# Script Generator Model Training

In this notebook, I aim to train a model to generate TV scripts using Deep Learning. For training purposes, I have decided to use the scripts from all 10 seasons of F.R.I.E.N.D.S as it is one of my favorite shows. 

In [1]:
#Import dependencies
import os
import util
import time
import torch
import numpy as np
import torch.nn as nn
import torch.nn.functional as F
import problem_unittests as tests
from torch.utils.data import TensorDataset, DataLoader

#Check for GPU
train_on_gpu = torch.cuda.is_available()
os.environ['CUDA_VISIBLE_DEVICES'] = '0'

## Load and Explore Data
In this step, I load the data from a .txt file. 
I then explore it a little to get a sense of what I'm working with. 

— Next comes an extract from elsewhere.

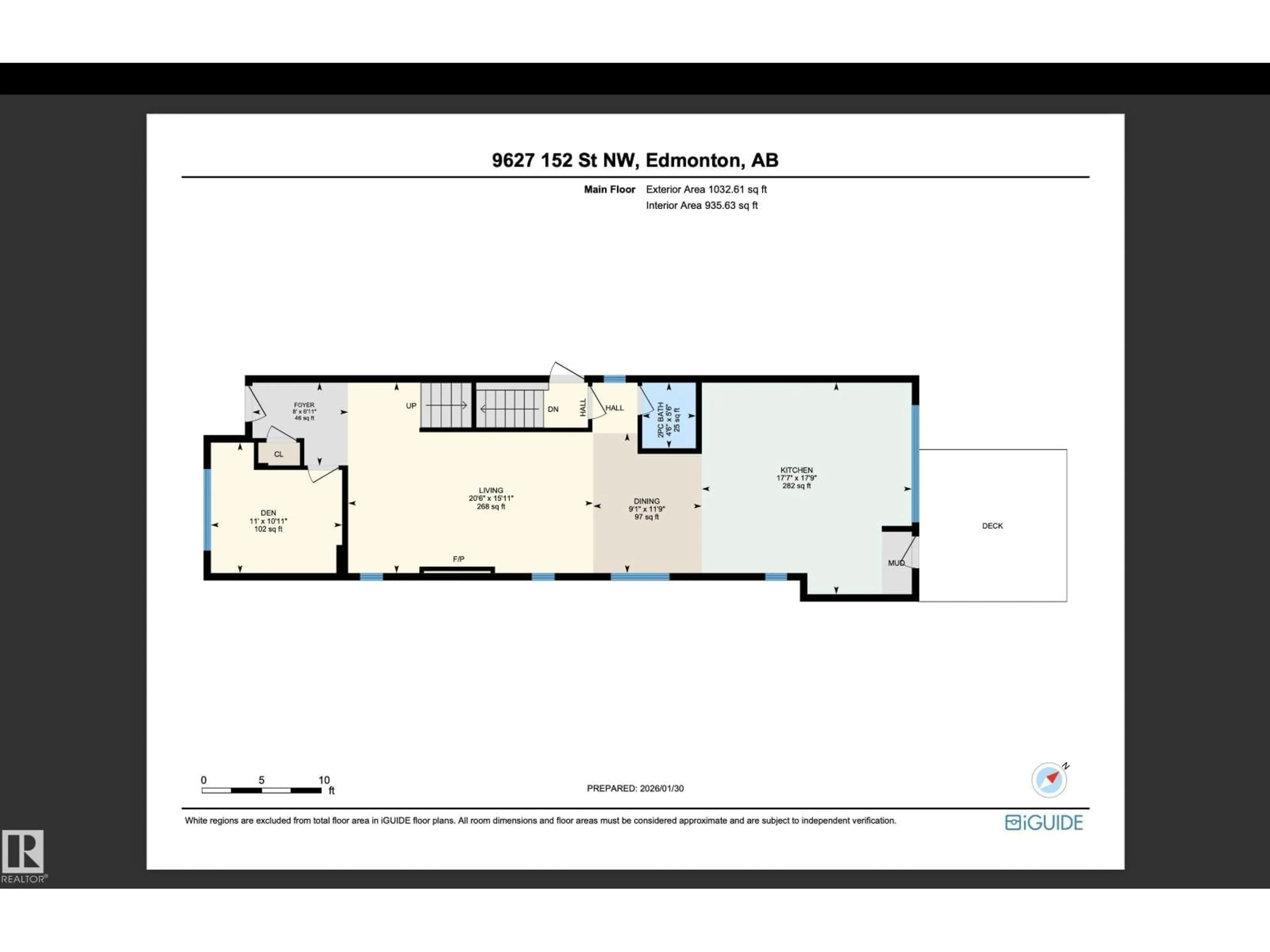 Floor plan for NW - 9627 152 ST, Edmonton Alberta T5W1W7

You can skip to the checkpoint without exploring the text files if you wish to train the model directly.

In [2]:
data_dir = '../Data/friends.txt'
text = util.load_data(data_dir)

In [3]:
view_line_range = (303, 320) #prints text between the given lines

print('Dataset Stats')
print('Roughly the number of unique words: {}'.format(len({word: None for word in text.split()})))

lines = text.split('\n')
print('Number of lines: {}'.format(len(lines)))
word_count_line = [len(line.split()) for line in lines]
print('Average number of words in each line: {}'.format(np.average(word_count_line)))

print()
print('The lines {} to {}:'.format(*view_line_range))
print('\n'.join(text.split('\n')[view_line_range[0]:view_line_range[1]]))

Dataset Stats
Roughly the number of unique words: 54785
Number of lines: 104959
Average number of words in each line: 8.59682352157
()
The lines 303 to 320:
Paul: No, it's, it's more of a fifth date kinda
revelation.
Monica: Oh, so there is gonna be a fifth date?
Paul: Isn't there?
Monica: Yeah... yeah, I think there is. -What were
you gonna say?
Paul: Well, ever-ev-... ever since she left me, um,
I haven't been able to, uh, perform. (Monica takes a sip of her drink.) ...Sexually.
Monica: (spitting out her drink in shock) Oh God, oh
God, I am sorry... I am so sorry...
Paul: It's okay...
Monica: I know being spit on is probably not what
you need right now. Um... how long?
Paul: Two years.
Monica: Wow! I'm-I'm-I'm glad you smashed her watch!
Paul: So you still think you, um... might want that
fifth date?


## Pre-process Data
In this step, I pre-process the input data so that the model can train on it. 
1. I create a lookup table that maps words to indexes
2. I create a token dictionary to seperate punctuations from regular words.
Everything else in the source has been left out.